Monday, September 15, 2014

Les Miserables: Manga Classic

Les Miserables by Victor Hugo
Story adaptation by Crystal Silvermoon
English script by Stacy King
Art by Sun Neko Lee
Publisher UDON entertainment productions, with Morpheus Publishing Limited

Review copy supplied by Net Galley and the publishers

My thoughts:
Anytime classics are adapated into a manga, what I read it for is to see if the art and the adapted story are able to capture the essence of the original classic and still sell the story enough through the artwork and character development so that my middle readers feel like they want to attempt the original, even if it's later in their school life. 

Victor Hugo's story is just one tragedy after another and it takes a good 200 pages even in a manga before things start looking up, so this book for the first time reader of this work, who has not seen the 2012 musical, takes some commitment. If they use the title as a clue, then they will know that this is a tragedy. The cover shows a forlorn looking Cosette. Even with her big manga eyes, she looks worried. 

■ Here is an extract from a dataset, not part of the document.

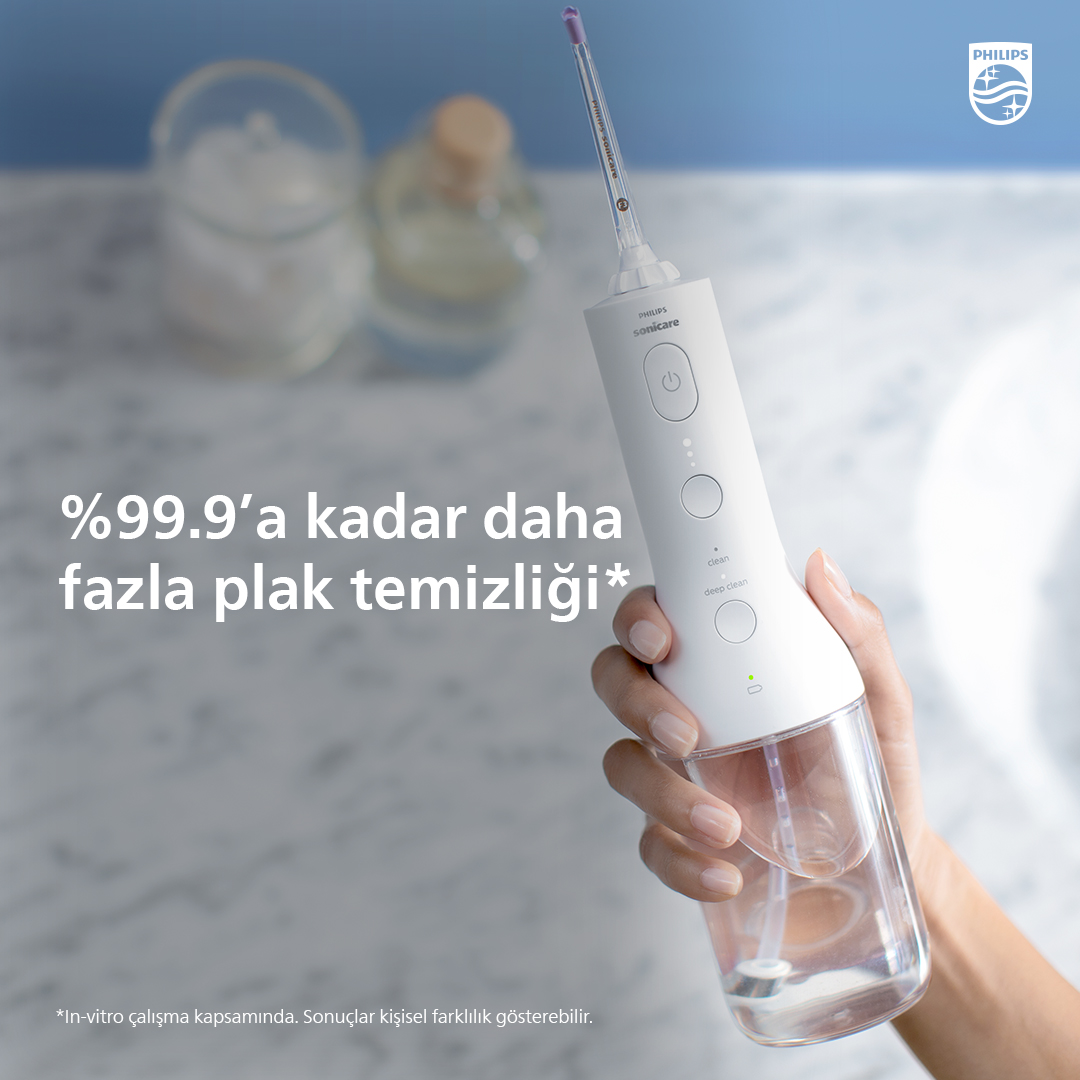 Bir kişi, Philips Sonicare ağız duşu tutuyor, plak temizleme hakkında metinle.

Cosette as the blonde Cinderella type is endearingly pitiful while her "benefactors," the Thenardiers are comically cruel so that is a selling point. Fantine, once she must shave her hair just made me think of Anne Hathaway with her equally large doe-like eyes so I almost wanted someone to start singing. That was a distraction, but it may just be because I read the original and saw several different film versions. 

Will this version sell students on reading the original? I think the biggest selling point is the romance between Cosette and Marius because of the way they are drawn, so the girls may like it, but I think the story line between Valjean and Javert is more powerful in the original story and that may appeal more to guys but this manga version doesn't build Valjean up enough or show enough of the action scenes.

Still, overall, it is a good starting place for this classic novel, and if students never read the Hugo version, they will at least understand the story enough to get the gist.